The entire ideas of this section were about the foundations of architecture, and how early people and civilizations first started to build, and the ideas that they wanted to convey to the world through the buildings and structures that they created. Many of these structures that they built, no matter where they were in the ancient world, had very similar ideals and concepts in the structures. Almost all of what we saw and talked about in the ancient world had connections to circles, stacks, and columns.
The first is Stonehenge in England. There has been tons of questions and mysterious on what exactly this building was all about. It is a circular structure, that is perfectly set up to correlate with the movement of the sun throughout the year. This shows us that the ideas of the sun and the moon, and their movement and involvement with these people, was something that was important to their lives.
In ancient Egypt, huge stacked up structures were made, better know as pyramids. These were tombs for their passed on kings and queens. The way that these structures were built put a lot of focus on five distinct points in our world by representing north, south, east, west, and up into the skies. This also makes us see how their religion, which placed focused on higher gods, and the connection between the tomb and how it connected it with the afterlife that meant so much to them in their society. It literally is a standing representation of society and plays on the concepts and ideas of hierarchy through the way that the structure is built up. The slaves stand as the bottom all the way up through the priests and pharaohs, up to the top point which stands for the gods and their realm.

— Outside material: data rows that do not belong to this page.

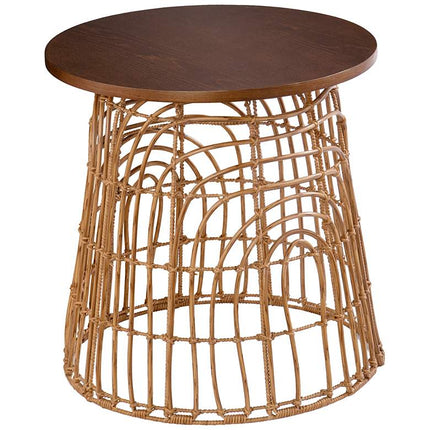 Weaverdon 17 3/4" Wide Natural Round Accent Table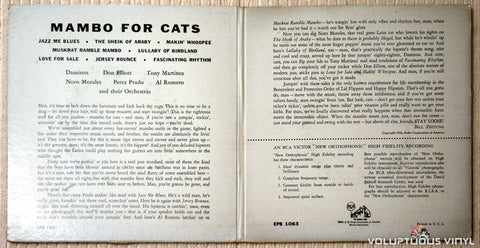 Various ‎– Mambo For Cats - Vinyl Record - Inner Gatefold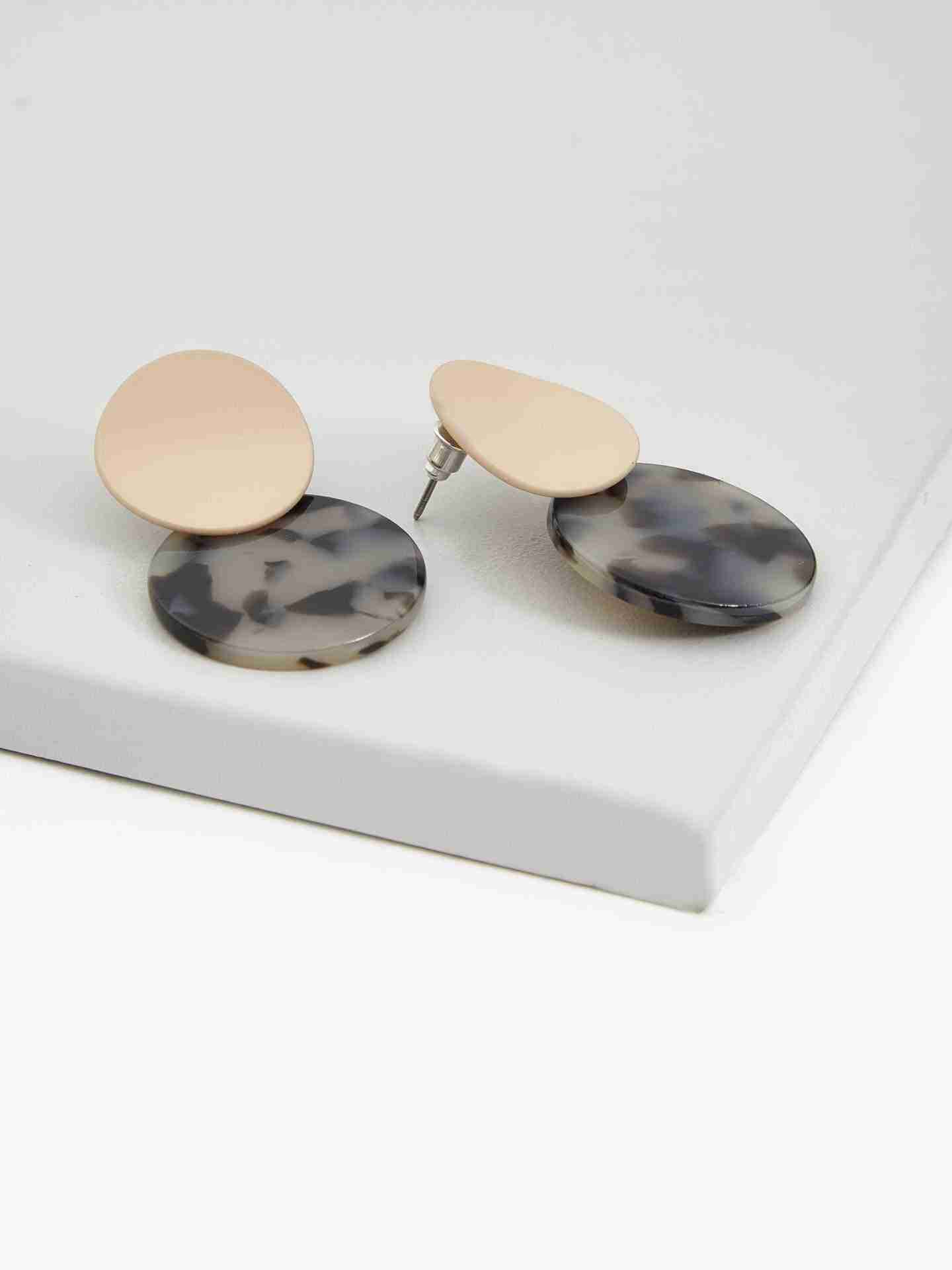 Grey Theia Theta Earrings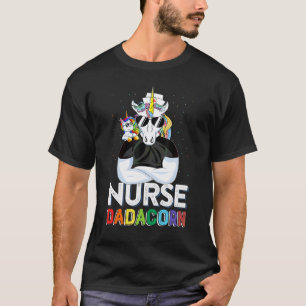 Mens  Nurse Unicorn Fathers Day Birthday Dad Murse T-Shirt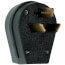 Angled Plug, 3P, 3-Wire, 30/50A, NEMA WD-1/WD-6 - Black (125/250V)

The ancient Greeks built many structures, and most had emphasis on these ideas of columns, or groves. Groves seem to resemble trees, or a grouping of things. It isn't a coincidence that they put many of these columns in front of gathering spaces for people such as temples or public gathering spaces. One of the best examples that I can think of that represents this, and we also spent quite some time talking about this in our unit is the Parthenon in Athens, Greece. It was very important to the Greek society and everyone in the Greek world would come to this place to worship the goddess Athena.
Next we began to study our very own UNCG campus and how many of these building concepts can still be found today in modern structures. We looked at many buildings and the ideals of how they now use circles, stacks, and columns. I came to realize many of the ideals that we hold today to these design ideas, are still very similar to how the ancient world used these same structures. We also discussed the ideas of firmness, commodity, and delight, and how they applied to the buildings here at UNCG.

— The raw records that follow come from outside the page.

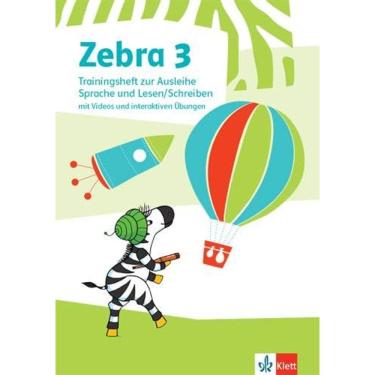 Imagem de Zebra 3. Trainingsheft zur Ausleihe Sprache und Lesen / Schreiben mit Videos und interaktiven Üb.
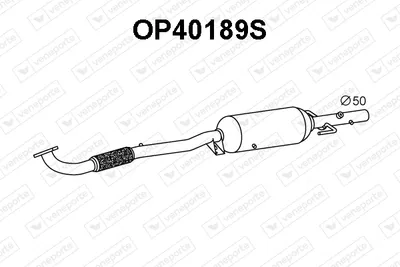 Filtre à particules / à suie, échappement Opel ASTRA H · Opel ASTRA H Estate · Opel ASTRA H GTC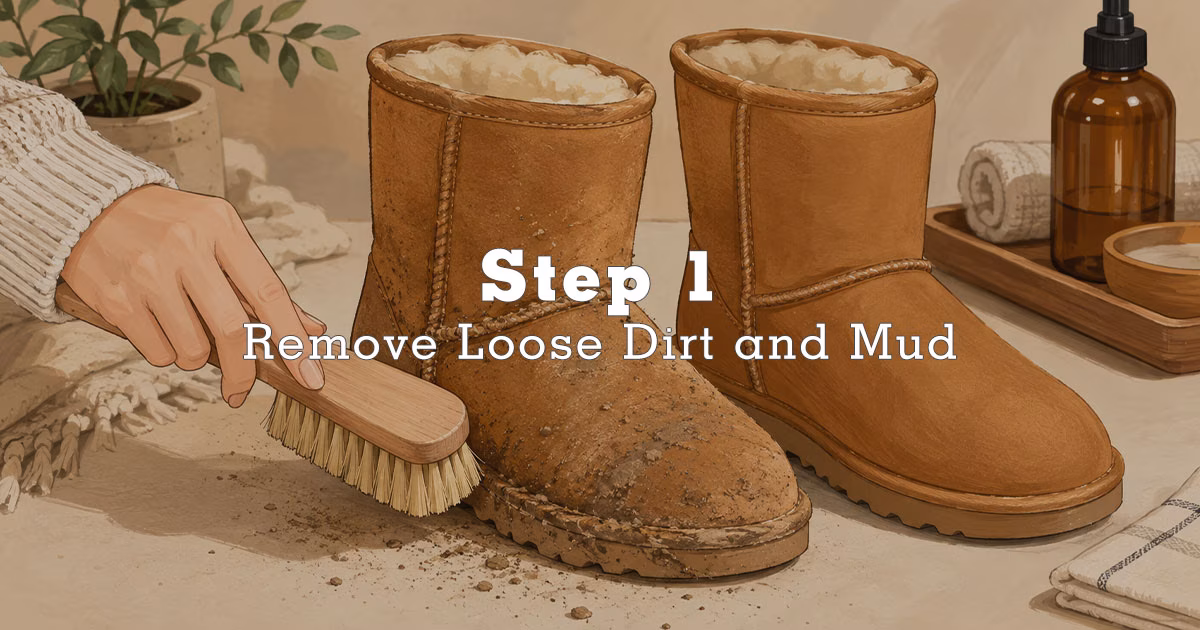Clean UGG Boots Step 1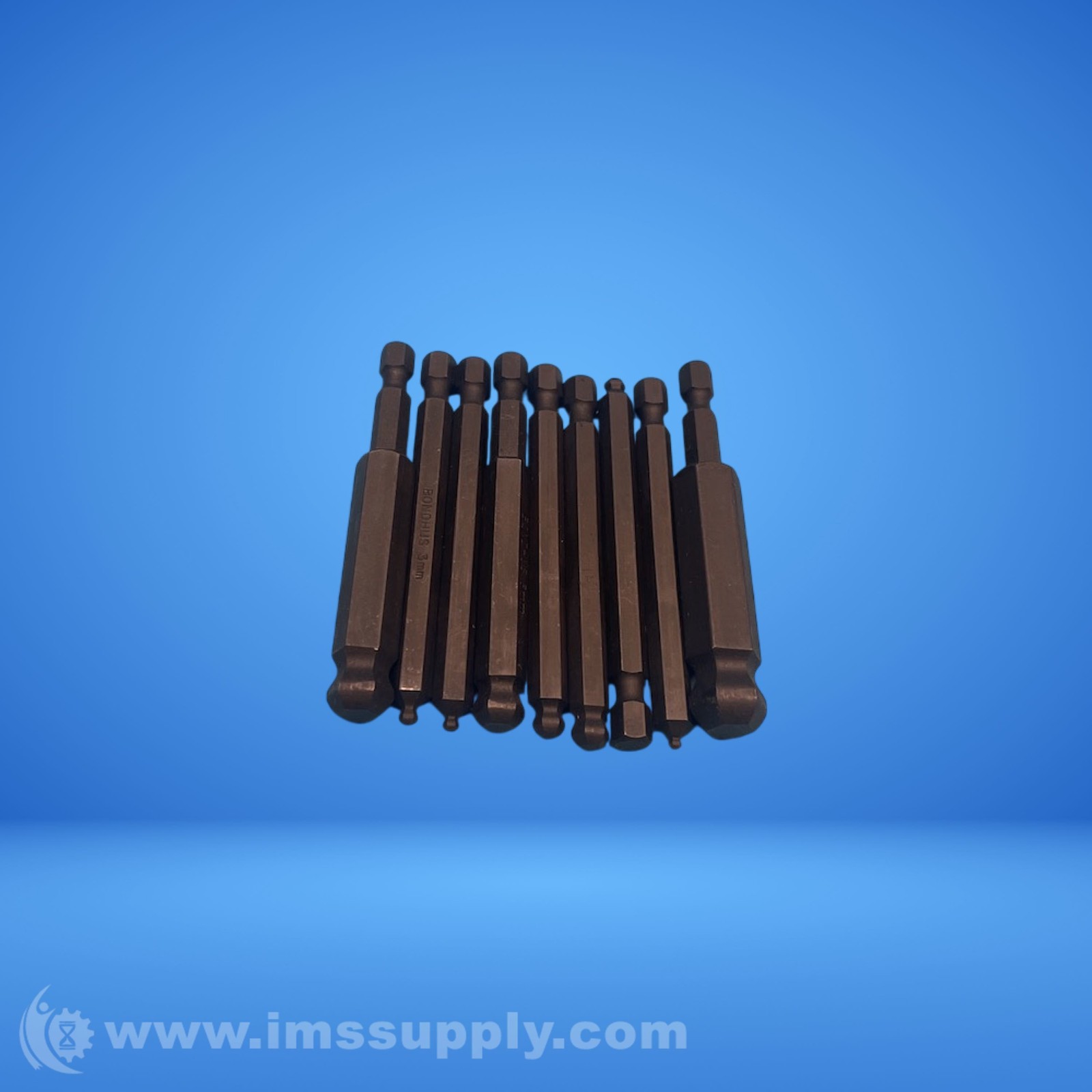 Bondhus 10899 Metric Balldriver Power Bit Set 9pcs FNOB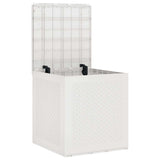 Garden Storage Box White 55 x 53 x 57 cm Polypropylene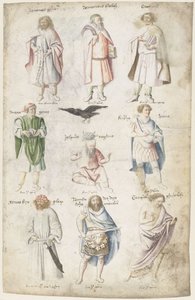 Nueve hombres de la antigüedad de Barthelemy d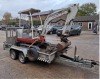TAKEUCHI TB016 MINI EXCAVATOR YOM 2007, SER NO. 11613748 2647 HOURS WITH 4 BUCKETS ON A BRIAN JAMES TRAILERS CARGO ALL PLANT CLASS E TWIN AXLE TRAILER TYPE P-PLT-T-155-2 3500 KG CAPACITY OVERALL DIMENSIONS - 5 M LONG X 2.1 M WIDE WITH KEYS FOR BOTH EXCAVA - 2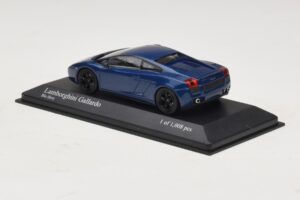 Lamborghini Gallardo Blue Metallic Minichamps 1:43 400103505 Métal Moulé — image 3 sur 5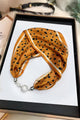 Leopard Print Diamante Magnetic Clasp Scarf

Through our campus tours we saw so many examples of these around UNCG. It is like living and breathing architectural history on this campus. A living, breathing, and functional museum if you will.
Finally, we reached a point in the ancient world where we saw people had finally began to travel and follow trade routes throughout the world, like the Silk Road. Through this process, not only were goods traded to far off places, but so were ideals, and even architectural concepts. People began to see that no matter what the culture, we all have similar things in the buildings that we create.
By the end of the unit, we have seen how humans began to think about the world that they live in. We then we saw how they used this to construct buildings in their own cultures, and then people started to expand and travel, and people began to give each other ideas that they later applied to their own cultures.
This brings us up into what we now know as the common era, and many of the previous concepts we have seen in architecture will continue on, and even see how later cultures and civilizations expanded on these ideas, and even in ways, made them their very own.
nice connections across the weeks. think about how you might weave evidence of the readings in there, too.